The Commonwealth of Australia has taken delivery of the first of three very long range Falcon 7X trijets it has acquired for government VIP service.

The other two aircraft, to be operated by the Royal Australian Air Force, will be handed over in the following months.

The VIP units are being delivered with the latest connectivity solutions, intended to provide seamless access to high speed broadband data anywhere in the world.

The Falcon 7X offers a combination of  range, and operational flexibility that no other large cabin business jet can match. The 5,950 nm 7X can fly from Canberra to any point in Asia nonstop or link Canberra to Washington or London in one hop. It can land on short and challenging runways and operate across a wide range of environmental conditions, including extremely hot and humid and dry desert climates.  And the aircraft’s three-engine design provides additional safety margin and frees operators of twin engine operating constraints when flying intercontinental transoceanic routes.

RAAF Falcon 7X

These characteristics explain the immense popularity the 7X has enjoyed since its service introduction more than a decade ago. More than 280 of the big trijets have been delivered to date around the world.

“We are extremely honoured that Australia has once again chosen to renew its confidence in our Falcon product line,” said Eric Trappier, Chairman & CEO of Dassault Aviation. “The RAAF already has decades of successful experience operating Dassault aircraft, from the Mirage III fighter to the Falcon 20 and Falcon 900 business jets.”

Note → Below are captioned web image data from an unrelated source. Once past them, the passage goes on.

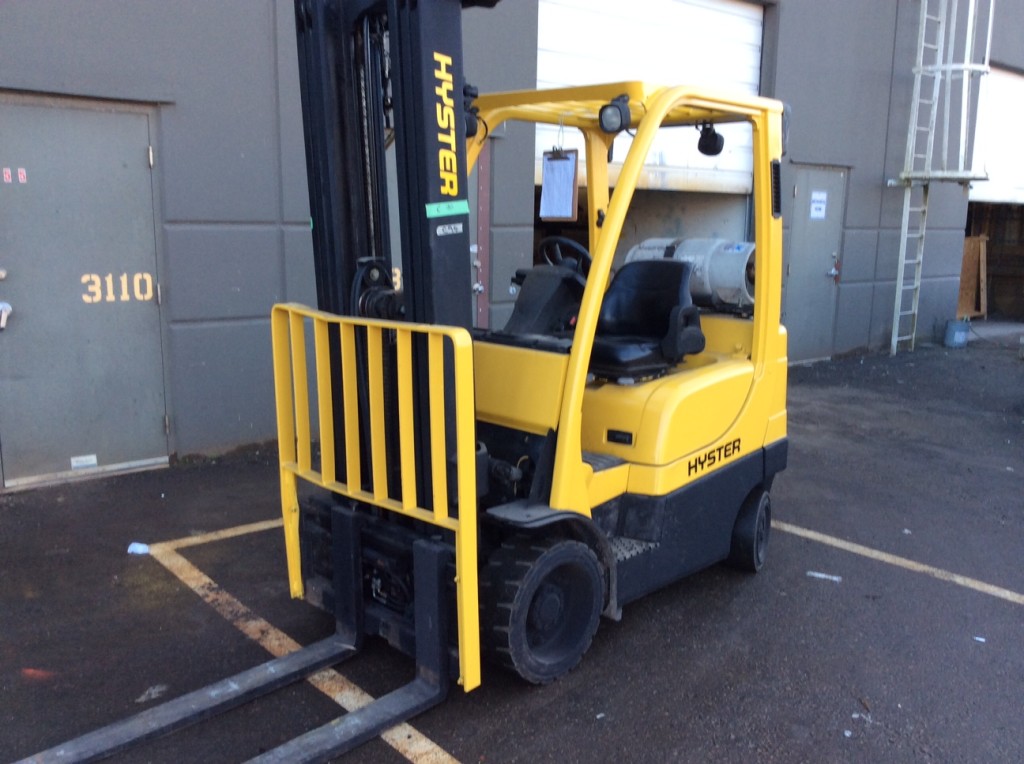 Hyster Forklifts Vancouver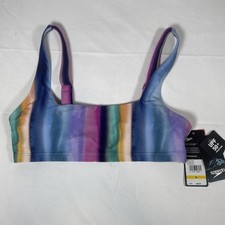 Woman  s Speedo Swimming Top Size M Msrp 49.50 NWT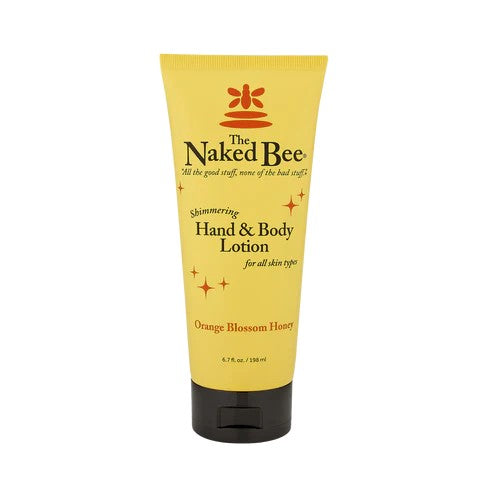 Naked Bee Hand Lotion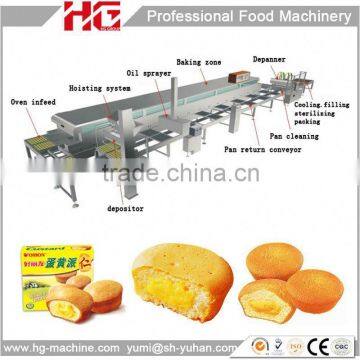 2015 pie maker machine made in China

Australia has been a key market for the Falcon for almost half century. The company’s first business jet, the Falcon 20, entered commercial service ‘Down Under’ in 1967, two years after its entry into service. The Falcon 20 entered the inventory of the RAAF the same year (under the name Mystère 20) and served in the RAAF’s transport and utility wing for 22 years before being replaced by the Falcon 900. The five-aircraft Falcon 900 fleet remained in operation through the early 2000s.

More than 120 Falcon aircraft, including over 50 Falcon 7Xs, are currently flying with public and private operators in Australia and other Asia Pacific countries.